Four point masses each of mass $m$ are placed at the four corners of a square of side length $a$. The gravitational potential at the center of the square is:

• A. $-4Gm / a$
• B. $-4\sqrt{2} Gm / a$
• C. $-2\sqrt{2} Gm / a$
• D. Zero Correct Answer: (B) $-4\sqrt{2} Gm / a$

Hint:

Be very careful not to confuse Gravitational Potential (a scalar field) with Gravitational Field Intensity (a vector field). At the center of a symmetric square layout: - The vector fields pull in opposite directions and completely cancel out, making the field intensity Zero. - The scalar potentials do not cancel out; instead, their negative values pile up constructively, giving a total potential of $\mathbf{-4\sqrt{2}\frac{Gm}{a}}$.

Answer 1

The Correct Option is B

Step 1: Understanding the Concept:
Gravitational potential ($V$) at a specific point in space is defined as the amount of work done per unit mass to bring a small test mass from infinity to that point. Crucially, gravitational potential is a scalar quantity, meaning it has magnitude and sign but possesses no spatial direction. According to the Principle of Superposition, when dealing with a configuration of multiple point masses, the total net gravitational potential at any point is simply the direct algebraic sum of the individual scalar potentials produced by each mass independently.

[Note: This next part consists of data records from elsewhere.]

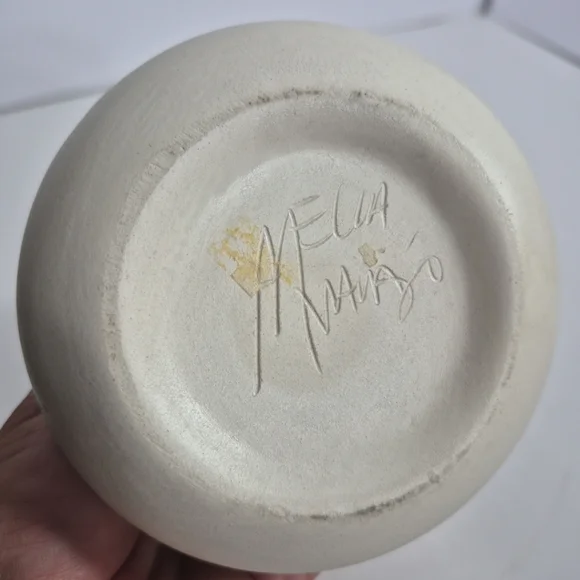 Naatsiilid Pottery Rainbow Signature Native American Navajo Vase Signed - Picture 5 of 9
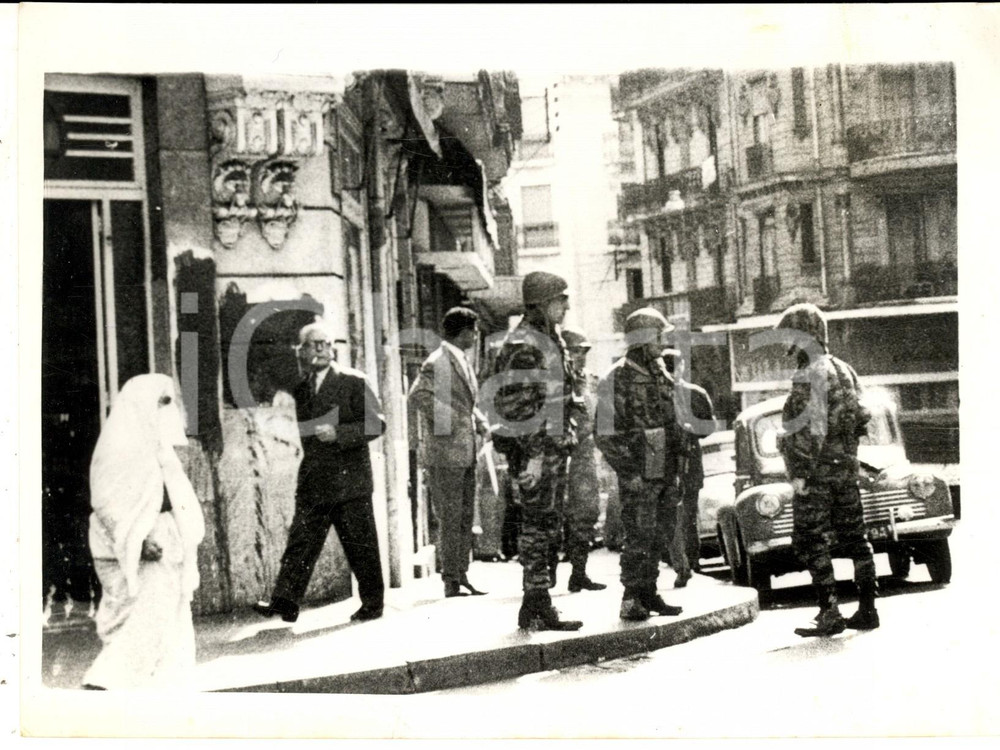 Fotografia d epoca originale 1962 ALGER Pattuglia francese in servizio contro nuovi scontri Foto 20x16 cm 1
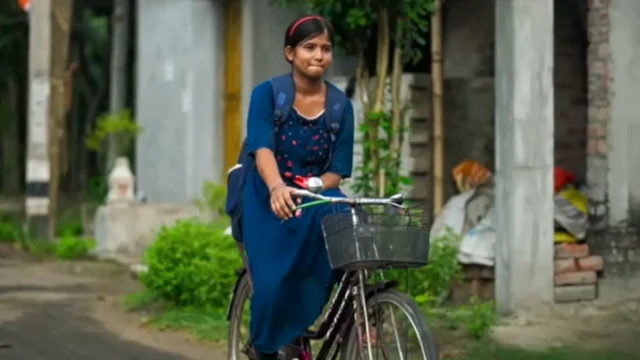 ਪੌਲਮੀ ਨੇ ਹੁਣ ਇੱਕ ਹੱਥ ਨਾਲ ਸਾਇਕਲ ਚਲਾਉਣਾ ਸਿੱਖ ਲਿਆ ਹੈ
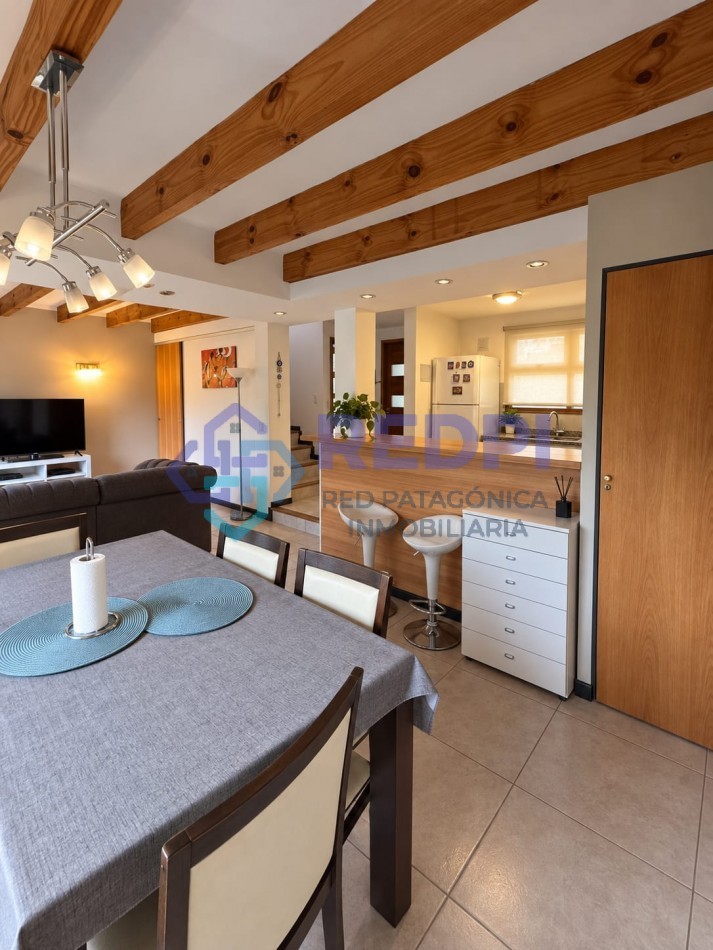 : ¡TU HOGAR IDEAL EN BARILOCHE! PH DUPLEX EN VENTA EN BARRIO BELGRANO con plano aprobado y todas las comodidades.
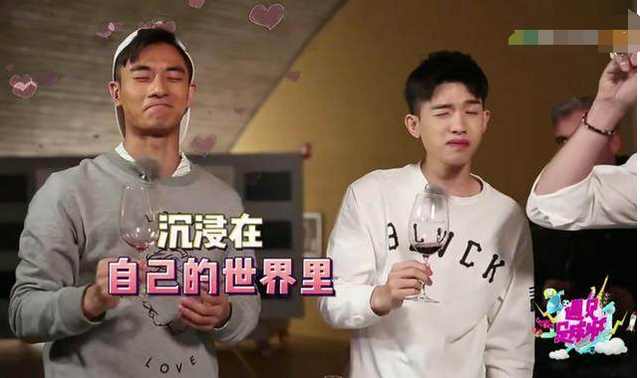 吴昕挑大梁的节目,吴昕遇见足球城图片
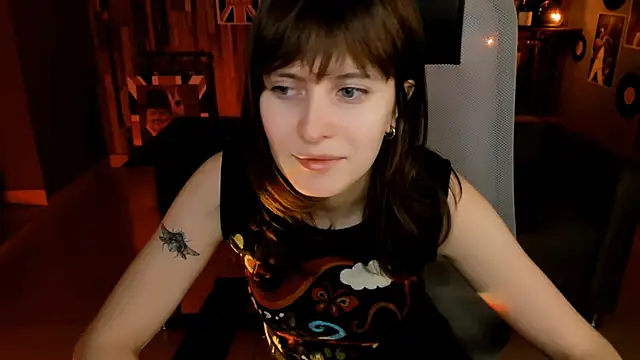 Snapshot of LolaAsmus chatting on 6, 2, 2026 LolaAsmus online show from 6, 2, 2026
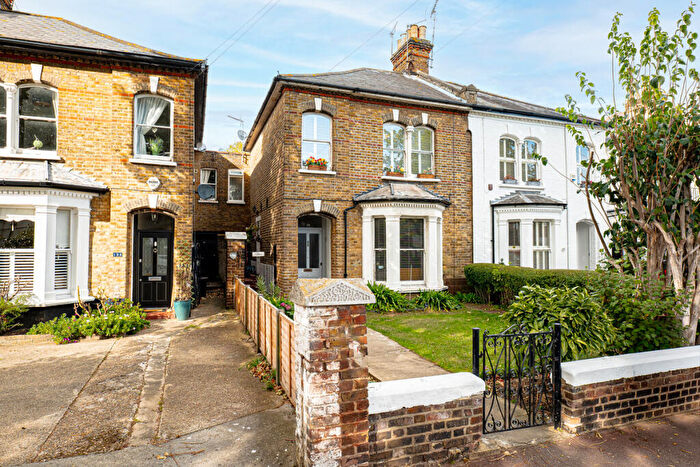 2 Bedroom Flat For Sale In Alexandra Road, Southend-on-sea, SS1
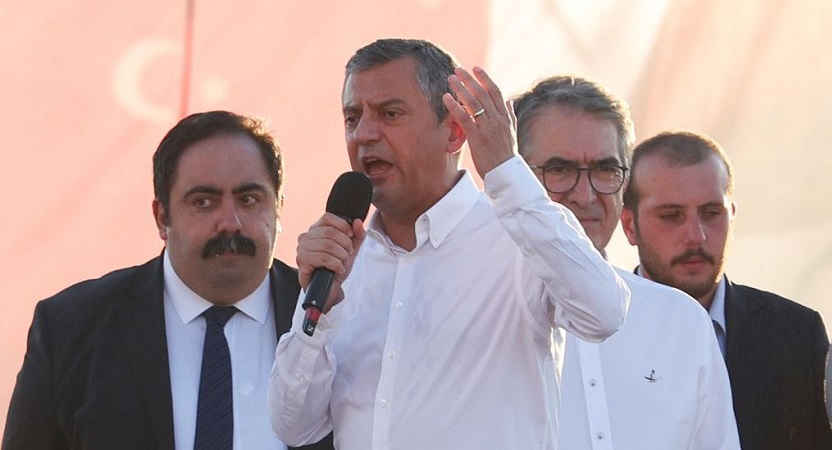 Özgür Özel, 'gecenin sürprizi' diyerek anket sonuçlarını açıkladı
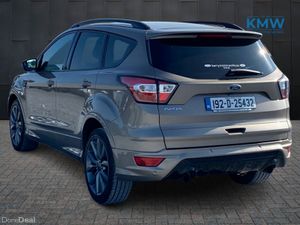 Ford Kuga ST-Line 2.0 TDCI 150BHP... Pan roof - Image 4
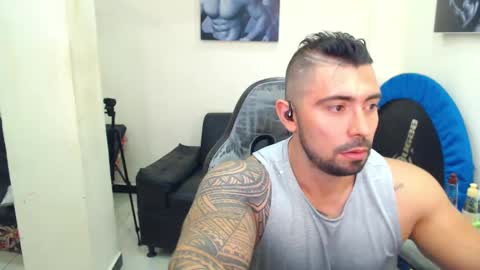 Snapshot of mateosexyhot22 chatting on June 1, 5:47 pm Mateo online show from June 1, 5:47 pm
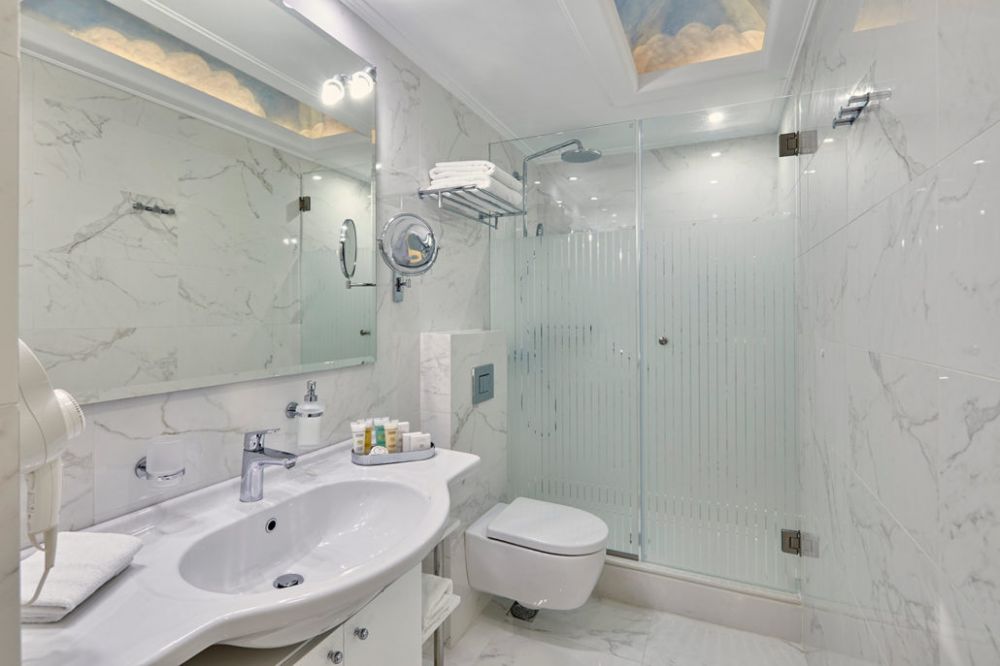Ava Exclusive Suite, Ava Hotel and Suites 4*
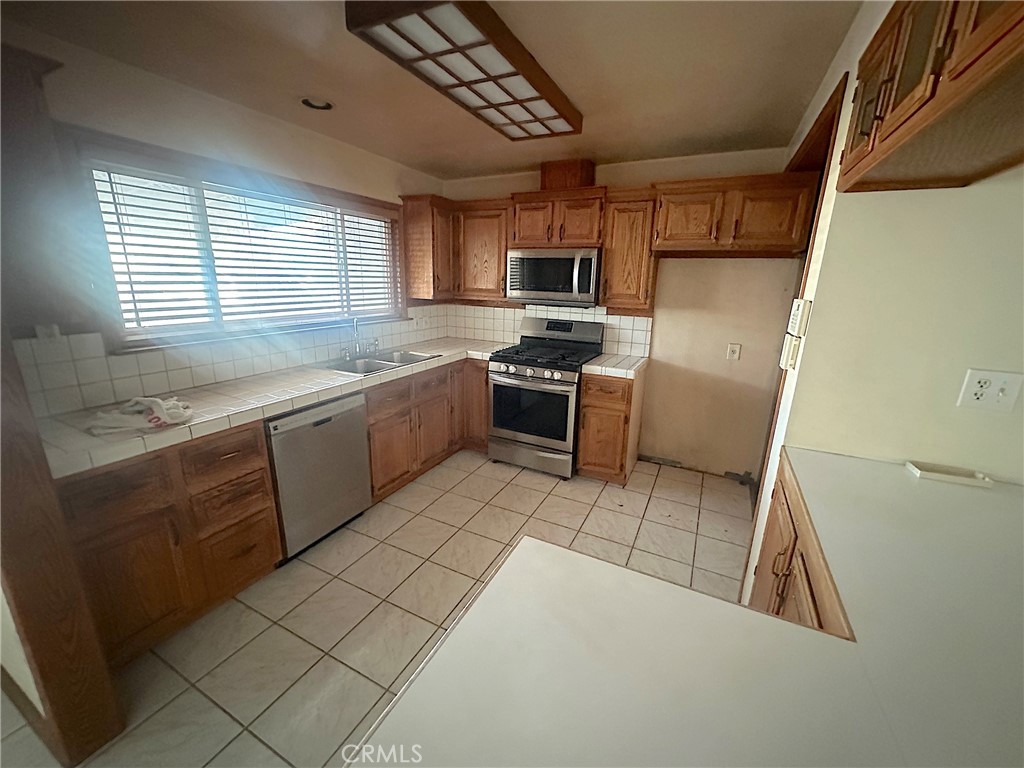 11431 Ramona Avenue Hawthorne, CA 90250 - Photo 7 of 19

Step 2: Key Formula or Approach:
1. Potential due to a Point Mass: At a distance $r$ away from a point mass $m$, its scalar gravitational potential is given by: $$ V = -\frac{Gm}{r} $$ 2. Total Superposition Potential: Since all four point masses are identical ($m$) and arranged symmetrically at the corners of a square, they sit at an identical straight-line distance ($r$) from the square's geometric center. Therefore: $$ V_{\text{net}} = V_1 + V_2 + V_3 + V_4 = 4 \times \left(-\frac{Gm}{r}\right) = -\frac{4Gm}{r} $$ 3. Diagonal Geometry of a Square: For a square possessing a side length $a$, the total length of its diagonal line is given by $d = \sqrt{a^2 + a^2} = \sqrt{2}a$. The distance from any corner vertex to the central intersection point is exactly half of this full diagonal length: $$ r = \frac{d}{2} = \frac{\sqrt{2}a}{2} = \frac{a}{\sqrt{2}} $$

Step 3: Detailed Explanation:
Let us substitute our calculated geometric distance $r = \frac{a}{\sqrt{2}}$ directly into our total superposition potential expression: $$ V_{\text{net}} = -\frac{4Gm}{\left(\frac{a}{\sqrt{2}}\right)} $$ To simplify this fraction, move the term $\sqrt{2}$ from the denominator up into the primary numerator: $$ V_{\text{net}} = -4\sqrt{2} \frac{Gm}{a} $$ This algebraic solution matches option (B). Note that because gravitational forces are always attractive, gravitational potential configurations always carry a negative scalar value, representing a bound stable system.

Step 4: Final Answer:
The gravitational potential at the center of the square is $-4\sqrt{2} Gm / a$.